The manufacturing of transportation equipment (including auto and aeronautical parts and assembly), mining and construction have been classified as “essential,” and have been allowed to re-open before June 1 if the Health Ministry approved a form on the safety measures being taken at each plant. The government already allowed the lifting of all COVID-19 restrictions in 323 municipalities which were supposedly without cases within or in the neighboring localities; however, El País reported that 67 percent of those have not received tests and 6 percent actually have had positive cases.

As of this writing, there have been more than 1,300 confirmed cases in the state of Tamaulipas and 245 deaths, while the toll across Mexico has surpassed 66,000 cases and 7,200 deaths. Infections in Tamaulipas are growing at an accelerated pace and most new cases are being registered in Reynosa and Matamoros, two maquiladora centers. Earlier this month, the health secretary of Northern Baja California announced that 432 of the 519 people who have officially died from the virus in the state were maquiladora workers. Last month, at least 18 workers at a Lear Corporation factory in Ciudad Juárez died, sparking wildcat strikes and other protests.

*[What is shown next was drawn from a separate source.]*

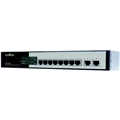 LUXUL XMS-1010P 10xPORT 8xPOE+ GIGABIT MANAGED SWITCH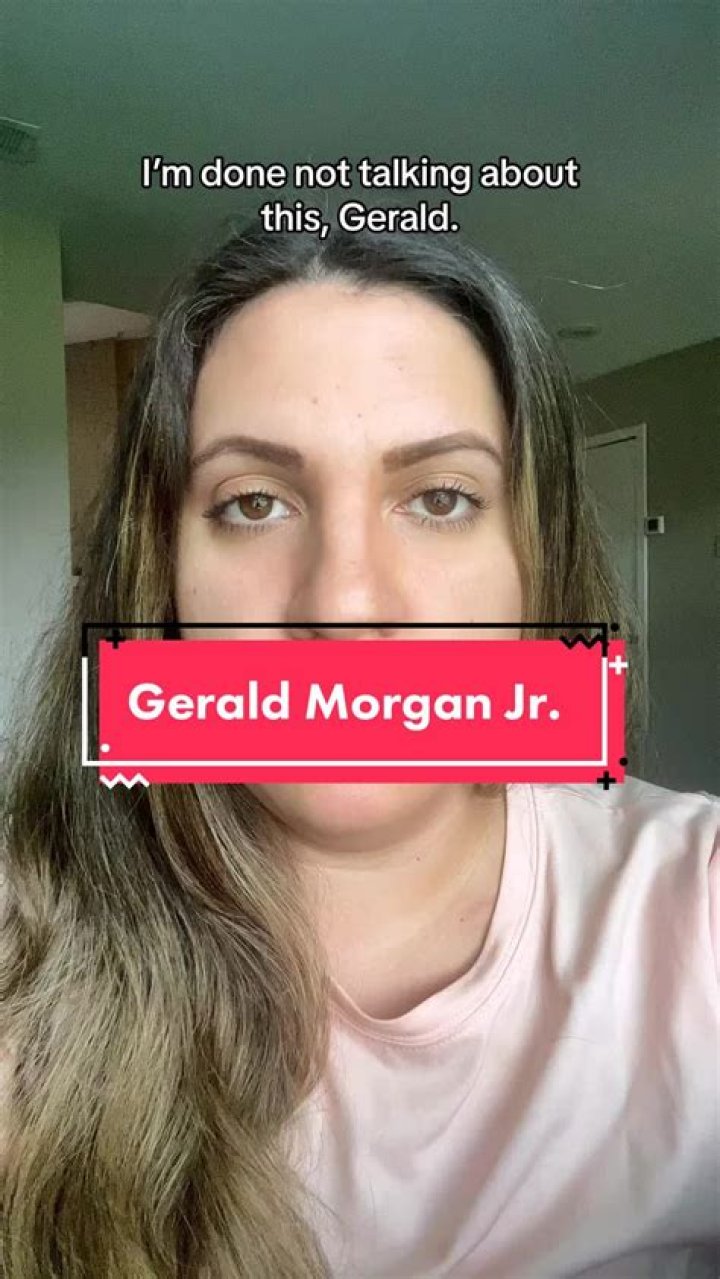Get To Know: Gerald Morgan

Hospitals in Matamoros are already overwhelmed, while the lack of adequate protective equipment has led to a broad spread of the disease to nurses and doctors.

The saturation of the hospitals in Mexico City, Mexicali, Tijuana, Ciudad Juárez and other locations has resulted in a massive increase of deaths from COVID-19. Infected workers are regularly denied entry into over-filled hospitals or finally let in when it is too late. Others are left to die at home. In many cases, these fatalities are not being counted in official COVID-19 figures, according to several studies looking at death certificates and excess deaths.

On Thursday, hours after the death of the Schumex-Schumacher worker Blass Camacho at the Zone 13 Hospital in Matamoros, the nurses and doctors closed down the COVID-19 treatment area to protest the lack of PPE, which has led to the death of three co-workers and the infection of at least 40 other health care workers.

In late April, Infobae reported that the authorities prepared a mass grave in the Matamoros municipality, at the Rusias Ejido cemetary, specifically for bodies currently overwhelming local funeral homes and hospitals.